Turnbull wants compulsory maths and science to make a return

Australian Prime Minister Malcolm Turnbull believes in order to boost Australia's STEM literacy levels, maths and science needs to be made compulsory for students until they finish high school.
Written by Aimee Chanthadavong, Contributor

Australian Prime Minister Malcolm Turnbull wants to make maths and science compulsory until they finish high school in a bid to increase the uptake of science, technology, engineering, and mathematics (STEM) subjects in the country.

"This is a big priority," he said on Monday.

"It's one of the areas we've gone backwards actually. In my generation you had to do maths or science to complete high school. Many parts of Australia now, you don't have to do that. We've got to get back to that and ensure that everyone is very literate in those STEM subjects. Science, maths, technology -- that's the future."

At the end of last year, the federal government pledged AU$48 million to improve STEM literacy, along with AU$51 million to help Australian students embrace the digital age and prepare for future jobs.

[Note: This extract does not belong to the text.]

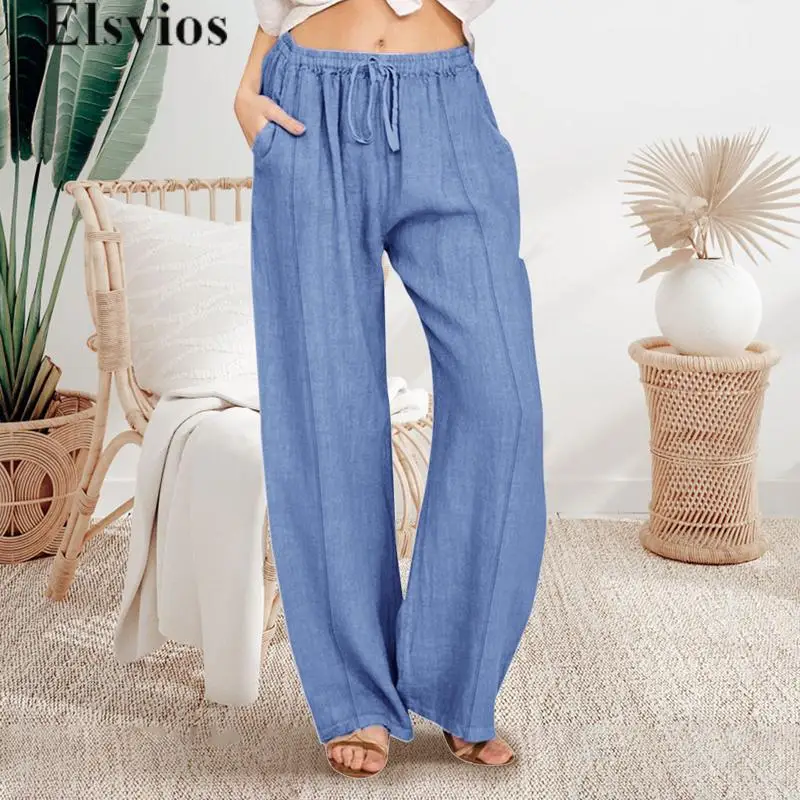 

Fashion 2024 Pockets Loose Office Trousers High Street Drawstring Mid Waist Cotton Linen Pants Women Elegant Solid Sweatpants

The AU$51 million will specifically go towards the formation of IT summer schools for students in years 9 and 10; an annual "cracking the code" competition for those in year 4 through 12; and online computing challenges for year 5 and year 7 students.

Teachers will also receive assistance with access to online support for preparing digital technology-based curriculum activities.

The five-year cash injections formed part of the government's AU$1.1 billion National Innovation and Science Agenda.

In addition, the Department of Education and Training went to tender last month to find an organisation to deploy its AU$6 million Early Learning STEM Australia (ELSA) pilot program, which supports its "inspiring STEM literacy" measure.

The ELSA pilot program aims to provide the opportunity for young children to explore an online, play-based learning environment, which the government wants delivered through a series of mobile applications for tablet devices that are heavily STEM-based and will be used by preschool programs across the country.

In addition to the ELSA program, Turnbull announced an AU$8 million initiative in February that he hopes will give 350,000 preschool children a "head start" in their careers.

Boosting STEM literacy has long been on the agenda for Turnbull, even before he was prime minister.

"Of our 600,000 workers in ICT, more than half work outside the traditional ICT sector," Turnbull said previously. "75 percent of the fastest-growing occupations require STEM skills, but only half of year 12 students are studying science; that's down from 94 percent 20 years ago.

"That is really a retrograde development, and we have to turn that around."

A report by Australia's Chief Scientist Dr Alan Finkel recently revealed that approximately only 10 percent of Australians are STEM qualified. Of the STEM-qualified population, approximately two thirds held Vocational Education and Training (VET) qualifications, while one third were higher education graduates with bachelor degrees or higher, the report stated.